メインキャスト4人がサイコーに良かった。
尾野さんの言う「私に局と戦う武器をください」とか、あんな言葉向けられたら、血が沸騰しそうだ。
なんか妙な手応えで…絵も芝居も結構静かな感じなのだけど、熱を感じる。
それも表面的な熱ではなくて、地熱のように地面の奥底から伝播してくるようなジワリとした途絶える事のない熱。不思議な感想だった。
物語としてはキャッチーな題材だけど、どうしてどうして語られる内容は以外とハードだ。
結構、リアリティを孕んで語られたりもしてる。
そこら辺にも見応えを感じてたのかもしれない。
しかし、まぁ、俳優と声優の声質の差よ。
どんだけマイクに乗っけてくるんだ。
作中は意識してあの音域にしてるのだろうか?アテレコの時とそれ以外で変えてもいいようなものなんだけど、全く変わらない。
彼女の発してる言葉は口ではなく、頭頂部から発せられてるようだった。

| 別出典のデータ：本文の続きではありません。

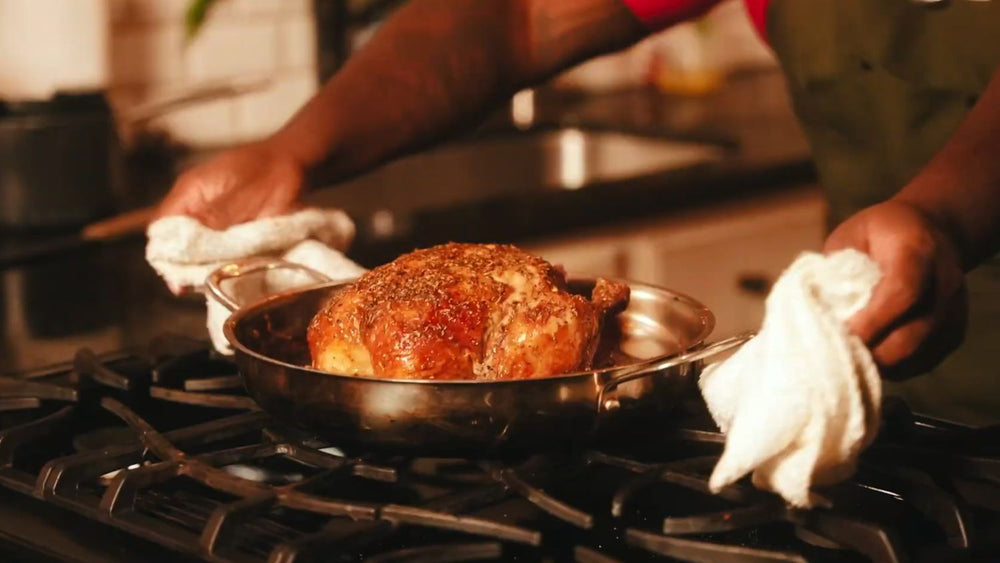 Turkey Rub Whole Roasted Chicken on table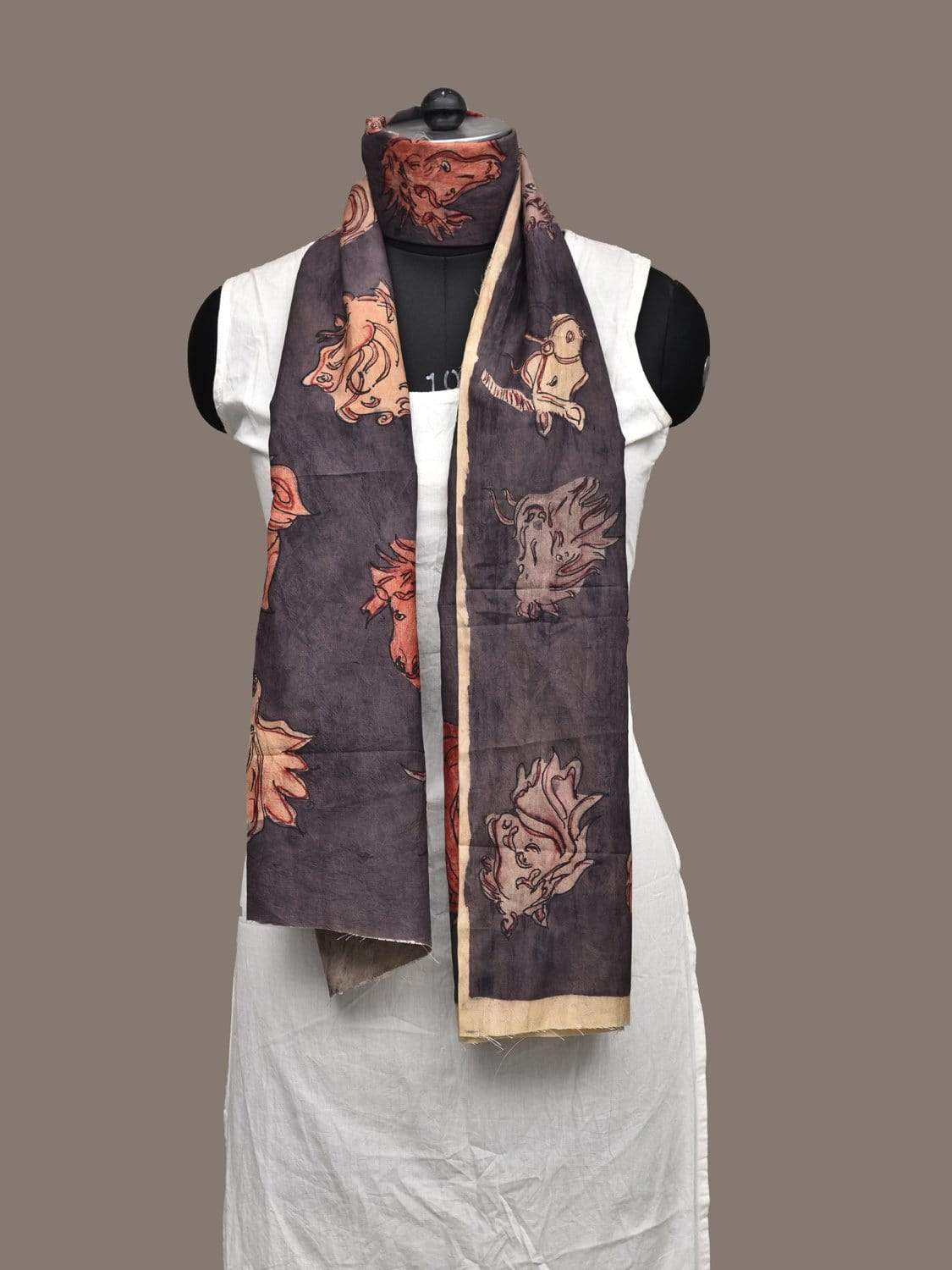 Dark Grey Kalamkari Hand Painted Silk Handloom Stole with Horses Design - Global Threads - Distacart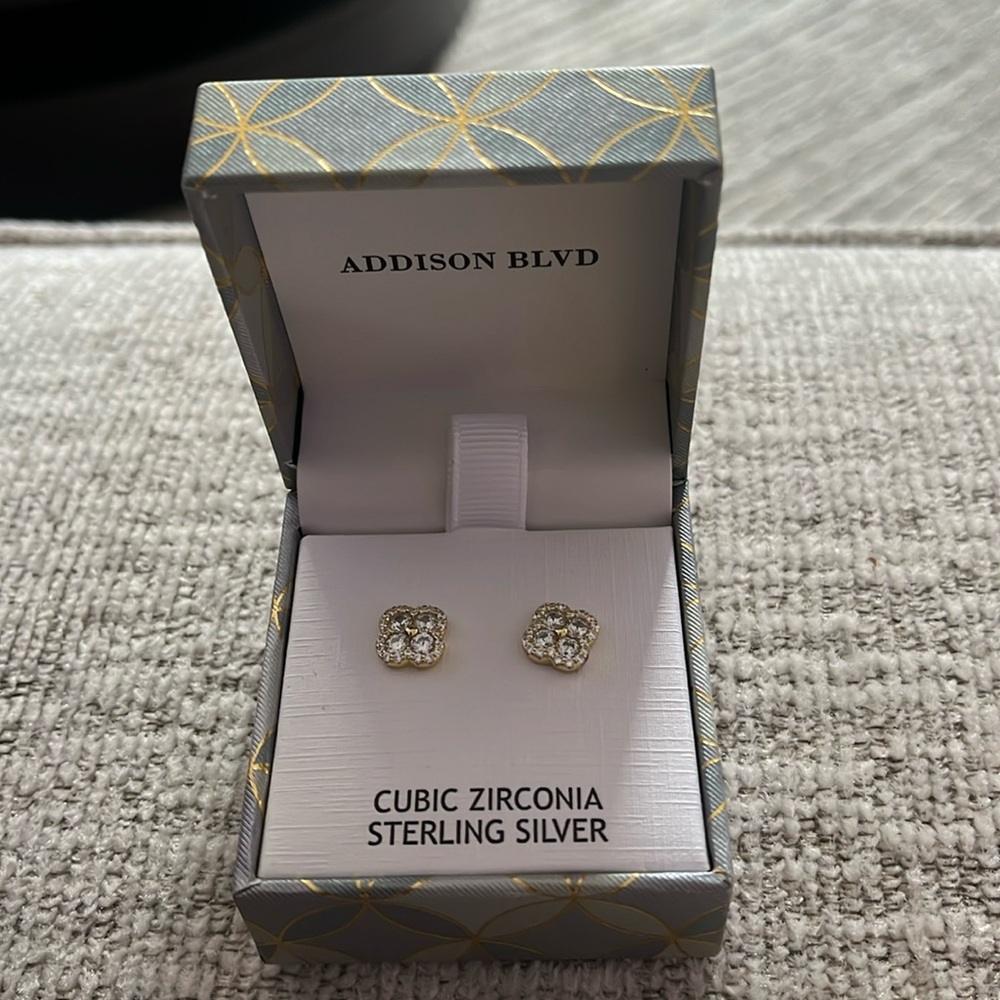 ADDISON BLVD Cubic Zirconia STERLING SILVER 4-leaf Clover Earrings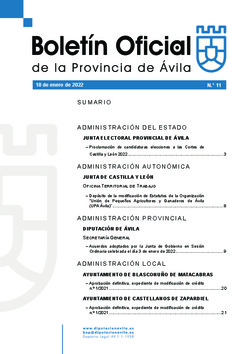 Boletín Oficial de la Provincia del martes, 18 de enero de 2022
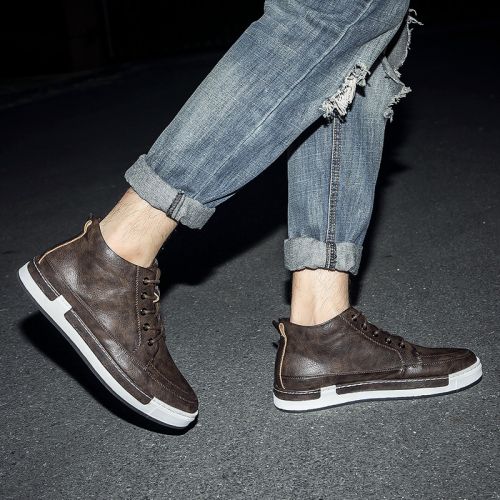 Boots - chaussures en plancher de cuir, En plus de de vache, DAOQI ronde pour hiver - Retro - semelle caoutchouc - Ref 9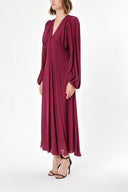 Bordo Büzgülü elbise 93847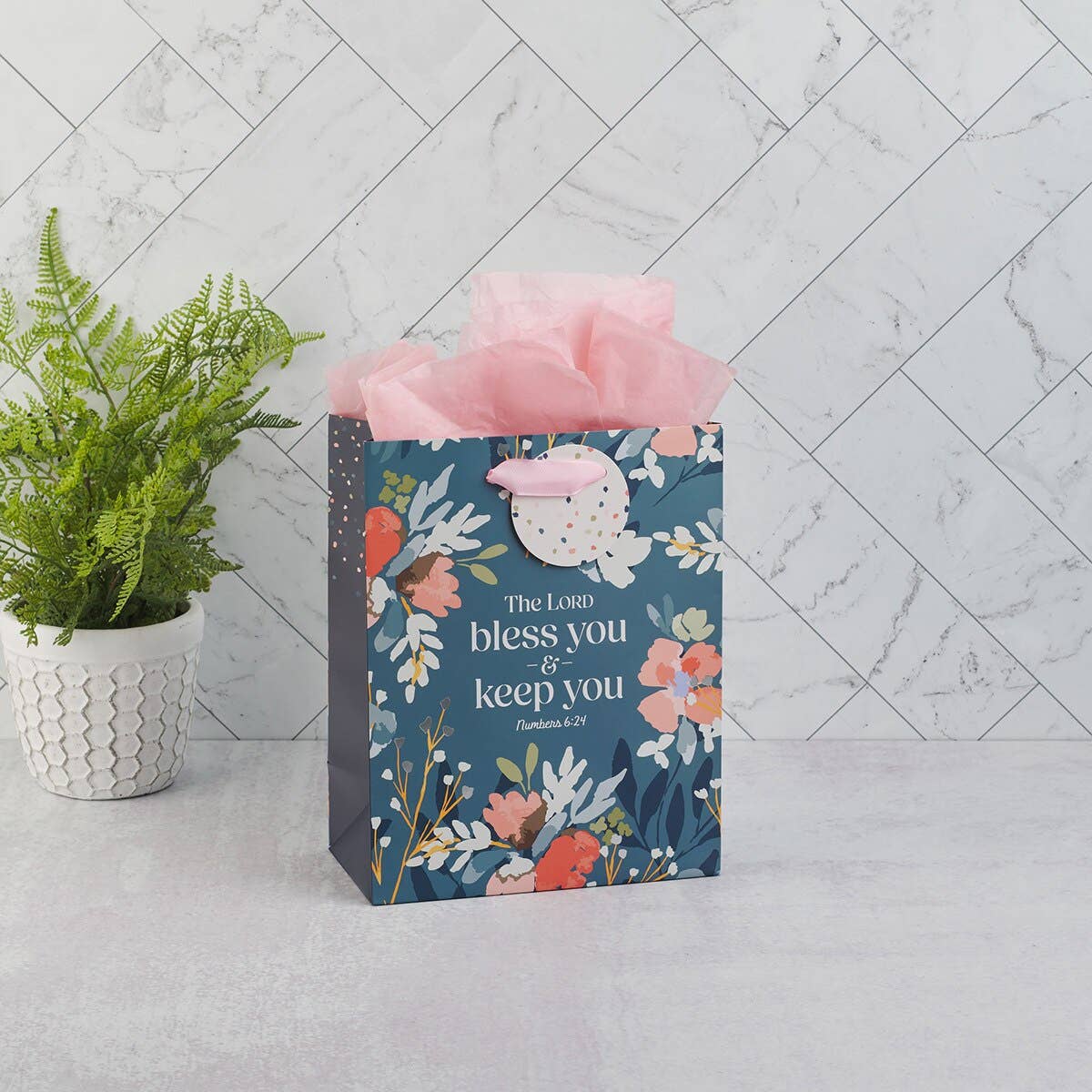 Christian Art Gifts - Gift Bag MD Bless You and Keep you Num. 6:24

大した人なのだろうと思う。
珍しく、1番好きなシーンみたいなモノがあって、両者がスクリーンをバックに初対談するシーン。
なんか、お二人とも見事で…かつ、編集もアングルもコレしかないって感じでした。
「嫌です」を引き絵で見せるトコなんて無性に想像力を掻き立てられる。
シナリオの構成とかも素敵で、監督の手腕を堪能できた。
映画本編の感想からは脱線するが、最早、アニメだからこそ出来るモノがあって…それは仮想空間とかロボットとかって話じゃなくて、脳内世界の再現率というか…ほぼ全ての事にこだわれて、それは同時に責任を負う事にもなるのだけれど、0か100を判断する自由と不安って格別なんだろうなぁ。
なんせ、全てをゼロから作り始めるのだから。
やば、鳥肌たつわ。
アニメ雑誌の表紙を描くシーンの作画する人の声のトーンも素敵だったなぁ。
最早、ピカソとかダヴィンチの域に達してるように思えた。